* **TASK STATEMENT**: Nothing but the lines from the one containing "Mercedes-Maybach S600 India launch (7)" through the last line of the data below should be returned, each exactly as it stands, pictures excluded.

---- GIVEN RECORDS

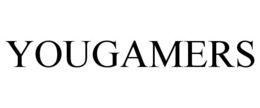YOUGAMERS trademark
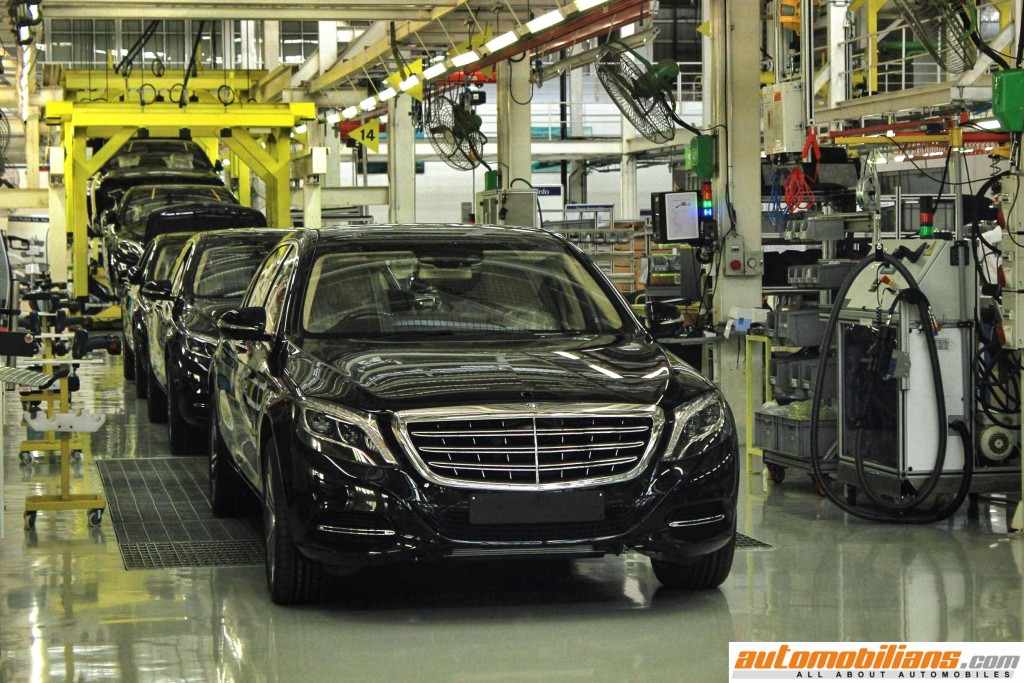 Mercedes-Maybach S600 India launch (7)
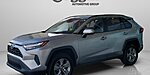 Used 2022 TOYOTA RAV4 XLE in JACKSONVILLE, FLORIDA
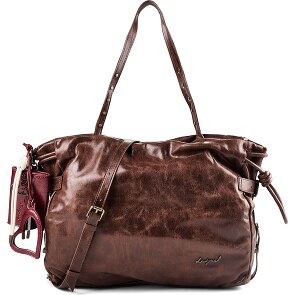 Desigual Galaxy Shoulder Bag 37.5 cm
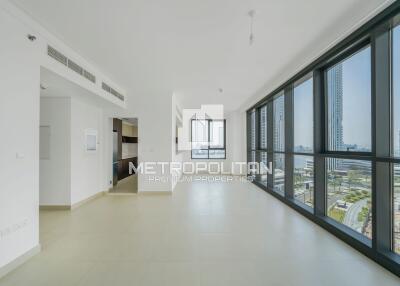 High Floor  Spacious Apartment  Premium Location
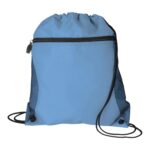 Good Value™ Mesh Pocket Drawcord - 9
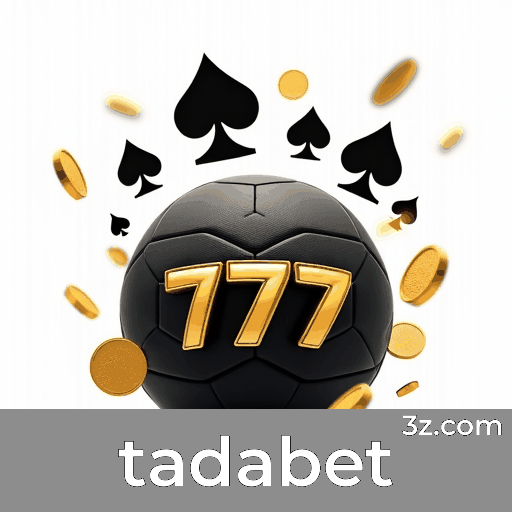 Tadabet: Apostas Esportivas Completas e Cotações Imediatas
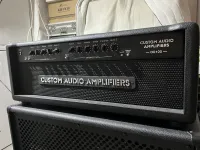 Custom Audio Electronics Od100 Guitar amplifier - Rikimstr [Yesterday, 1:49 pm]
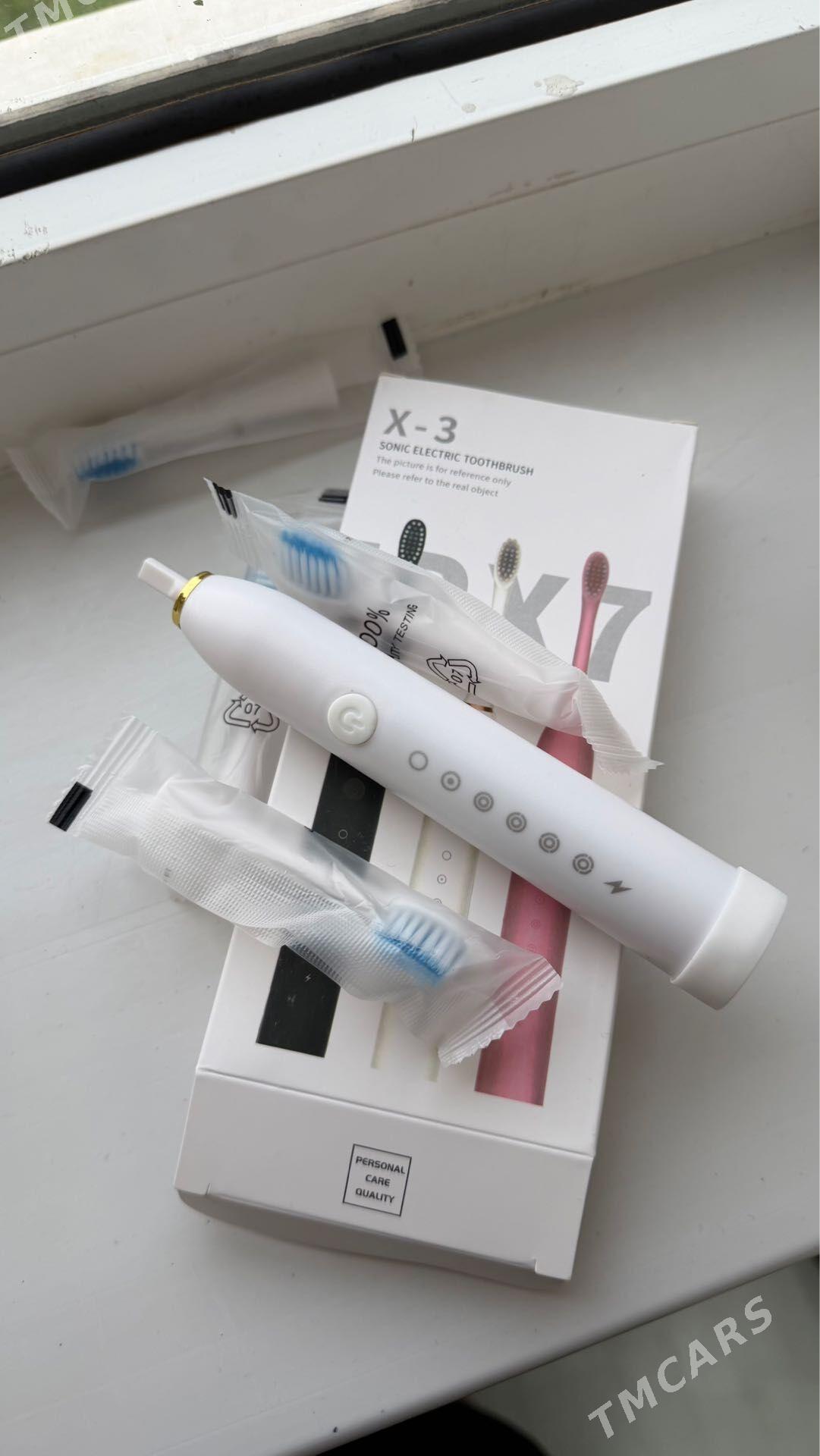 diş çotga - Ашхабад - img 1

--------

* **ANSWER TO THE PROBLEM**:
 Mercedes-Maybach S600 India launch (7)
 Used 2022 TOYOTA RAV4 XLE in JACKSONVILLE, FLORIDA
 Desigual Galaxy Shoulder Bag 37.5 cm
 High Floor  Spacious Apartment  Premium Location
 Good Value™ Mesh Pocket Drawcord - 9
 Tadabet: Apostas Esportivas Completas e Cotações Imediatas
 Custom Audio Electronics Od100 Guitar amplifier - Rikimstr [Yesterday, 1:49 pm]
 diş çotga - Ашхабад - img 1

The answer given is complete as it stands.